Edit Review Improvements/Architecture discussion 2016-10-21

From mediawiki.org

See User:Sbisson (WMF)/PublicEventStream for background.

Things to talk about. Different approaches to ERI stream:

  • Changeprop rule or set of rules. Message for new revisions, API calls to augment that revision, publish that message.
    • Main thing unsure about this approach, when you're after the fact, there is no real way to get the information as it was at the time of the event. For example, edit count, page protection. Most information is not versioned, e.g. length of revision
    • Another thing to consider is this is a YAML configuration file inside of changeprop. That doesn't have any support for things that are different from one wiki to the next. When they do the ORES pre-caching, each wiki has different models. The per-wiki config is done in YAML with string matching. Per-wiki config could be cleaner.
    • Code is on GitHub, we're not sure how deployments are done. People on the team who are deployers should be able to get access if they don't have it already, though. We would prefer Gerrit: https://github.com/wikimedia/change-propagation
  • Twist to this approach is to add what we need that can't be accessed afterwards to the original event. (User editcount, user registration timestamp, page protection)
    • Some arguments have been made about performance, but we don't agree it's an issue. (User things are in memory, protection is a cheap DB query)
      • MS: If these two things are in-memory, we'll include those. If they're not in memory, we can get it from the API afterwards. In terms of product, we can determine reliable and not reliable, and decide how to handle. It might not be that important to have.
      • MF: We can drop certain things that could be misleading, e.g. page protection, and consumers can do their own API calls.
      • MS: There's a difference between desirable and necessary. The ideal would be to add information to the event.
  • Performance: If there is a performance problem, what is the effect of the performance problem (it doesn't delay page load, what does it delay?)
  • ORES extension: In job queue job, after fetching the score, publish our feed directly to ORES extension.
    • RK: Some of the analytics people have the attitude, Collaboration shouldn't modify shared stuff. They want us to use our infrastructure, but not add stuff to the shared topic.

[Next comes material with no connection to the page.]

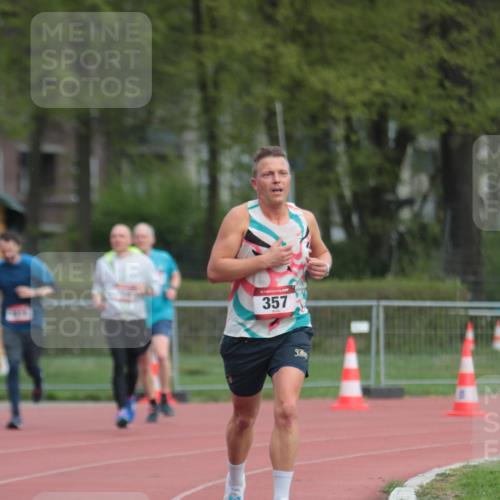 13.04.2025 - Hammer Lauf A. Gomolzig http://msf.ph/oto/7656768 13.04.2025 10:09:07 Ziel 155, 158, 189, 357, 1757, 1919 meine-sportfotos.de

SB: If this project goes anywhere, we're going to want to keep adding fields.

  • SB: We also want to modify RecentChanges page, and set thresholds, it's been said that these thresholds could be configurable per wiki. We want to include the same information in S:RC and in the feed.

MS: What would be the best, and what would be the easiest? SB: Coupling inside the ORES extension. Do we have to have it on the non-ORES wikis?

MS: We could say, our stream has no meaning without ORES and non-ORES new things have to go in RCStream. SB: There's a problem with this fragmentation. MF: Don't want to touch RCStream when it's on the old infrastructure.

Very basic architectural issue is location of eventlogging-eventbus. You can not change that schema, because it's user-facing and shared. Nothng enforces any schema in the way out.

SB: Be as relaxed as possible in what you accept, and strict in what you emit.

RK: There's two schemas (see diagram, 1 and 6). MF: The whole idea is there are multiple 6's. RK: Changing 1 runs into opposition about 6.

RK: Strategy 1: Argue that we can add arbitrary things to 1, as long as they're not added to 6.

  • MF: revisionfirehose is 1, revisioncreate is 6.
  • RK: This should be plan A.

RK: What is plan B? SB: My preference is ORES extension, since it's shared code with other ORES special page stuff.